Paperless
Paperless-NGX document management.
Migrated to ansible collection
Tip
- The UID/GID should be set to a user/group that have access to your media. All media clients should run under the same user to run correctly.
Suggested Archival Use
Suggested Use (based on archivst recommendations):
- Document Types refer to the broad type of document in question. Is it a letter? Receipt? Bill? Every instance will be different, but this should be your broadest field. You just want to more of less get it in the ballpark. For example, my Receipts doctype holds receipts that I scan in, but it will also hold confirmations from my debtors that I paid a bill, or an email from Cash app that I sold Bitcoin.

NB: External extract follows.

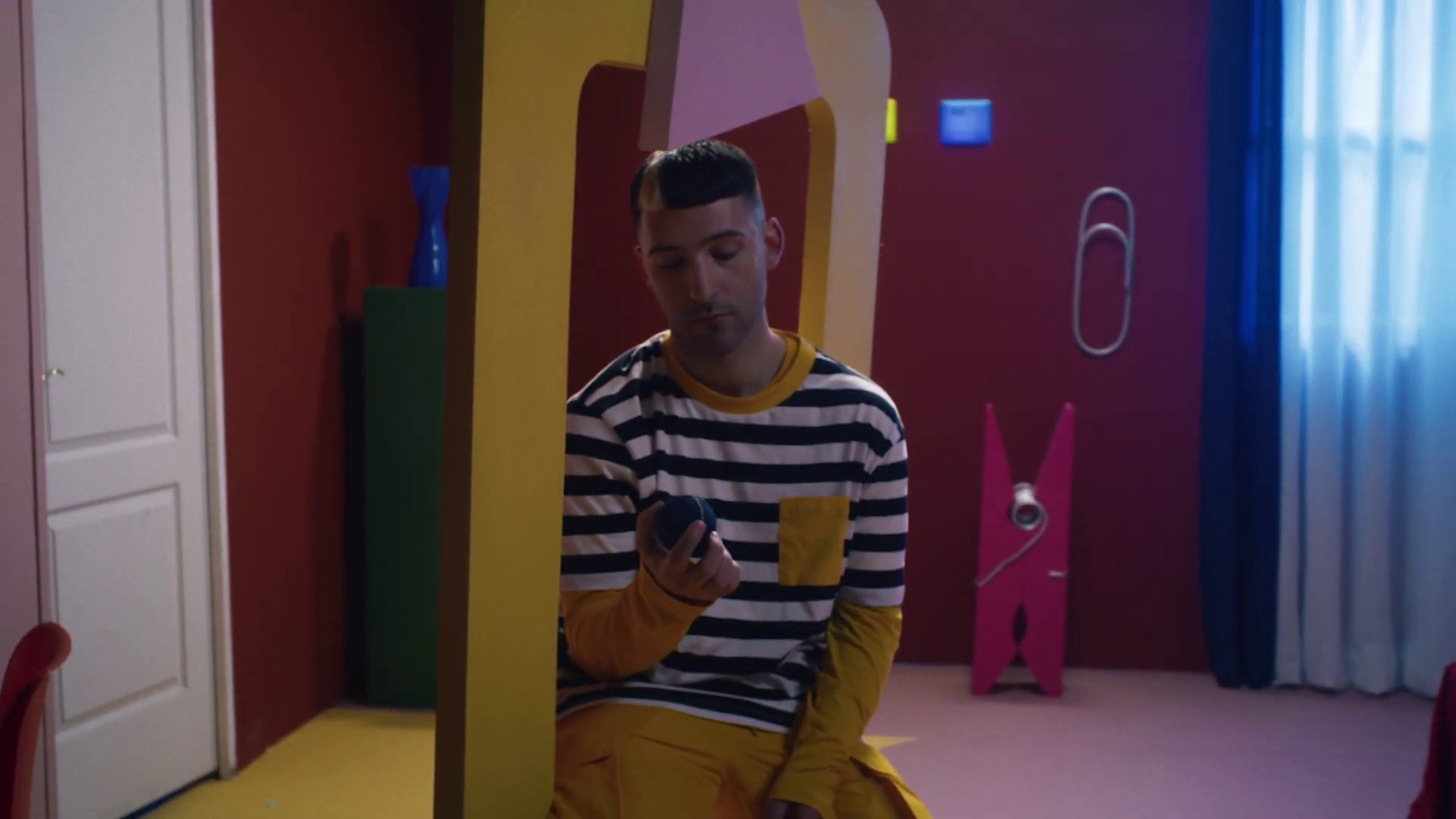 COMPLICACIÓ (2020) —  shot,  lighting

- Correspondent refers to the person/organization you are communicating with in the document. A bill from your credit card would have Capital One as correspondent for example, while a copy of your W2 might go under IRS. Again, you can be broad here, as trying to narrow it down is going to drive you crazy.
- Tags are used to answer the below basic concepts:
- Who is it referring to? In my case, I have tags for myself, my wife, the kids, and the dogs. They are all the same color to easily denote that. Note that this is NOT the same as correspondent.
- What is it referring to? Is it related to your car loan? Is it related to your homes maintenance? Mark these tags in a different color to easily notice them.
- When is the information in this document relevant? Was it a bill from 2 years ago? Does it relate to your taxes for 2022? Personally, I make tags for the year it was received, as it makes it easier to sort. You can further break this down by month if needed.
- I also make tags for special categories that I need to track. For example, I have a tag for any documents that we'll need for our taxes in the coming year, or critical documents (birth certs, etc). This helps to further break it down.
Using Management Utilities
Login and switch to paperless user to run management utilities.
su - -s /bin/bash paperless
. /opt/paperless/src/{VERSION}/.venv/bin/activate
cd /opt/paperless/src/{VERSION}
python3 manage.py document_renamer
Reduce PDF size
This will enable you to reduce pdf size if needed. Use the following settings for specific resolutions:
/screen72dpi/ebook150dpi/prepress300dpi/printer300dpi/defaultno change
gs -sDEVICE=pdfwrite -dCompatibilityLevel=1.4 -dPDFSETTINGS={SETTING} -dNOPAUSE
-dQUIET -dBATCH -sOutputFile={OUTPUT}.pdf {INPUT}.pdf
img2pdf
Included to provide increased functionality for import scripts. This will enable lossless conversion of images to pdf's, enabling import into paperless. The following example will strip alpha channel data from png's and convert to a lossless pdf for import.
convert test.png -background white -alpha remove -alpha off out.png
img2pdf out.png -o import.pdf
Merge PDF's
Now directly supported in Paperless.
Actions ➔ Merge
Select documents in merge order.
gs -dNOPAUSE -sDEVICE=pdfwrite -dBATCH -sOutputFile={OUTPUT}.pdf {INPUT}1.pdf
{INPUT}2.pdf
Split PDF's
Now directly supported in Paperless.
Actions ➔ Split
Select document first.
For documents that failed consumption, manually split before re-adding to the consumption directory.
# Repeat for each chunk of the PDF document.
gs -dBATCH -dPDFINFO {INPUT}.pdf
gs -dNOPAUSE -sDEVICE=pdfwrite -dBATCH -sOutputFile={OUTPUT}.pdf -dFirstPage=1
-dLastPage=3 {INPUT}.pdf
Reverse Proxy
Reverse proxy configuration has drastically changed resulting in multiple reported issues (674, 817, 712). Be sure to set the following configuration variables:
PAPERLESS_USE_X_FORWARD_HOST=true
PAPERLESS_USE_X_FORWARD_PORT=true
PAPERLESS_URL=https://paperless.example.com
PAPERLESS_CSRF_TRUSTED_ORIGINS=https://paperless.example.com
PAPERLESS_ALLOWED_HOSTS=paperless.example.com
PAPERLESS_CORS_ALLOWED_HOSTS=https://paperless.example.com
Receiving a 403 after logging in explicitly
Forbidden (403) CSRF verification failed. Request aborted.
See the Proxy Rule Changes and be sure to add referrer-policy to allow requests through:
add_header Referrer-Policy 'strict-origin-when-cross-origin';
Restart both NGINX and Paperless and try again.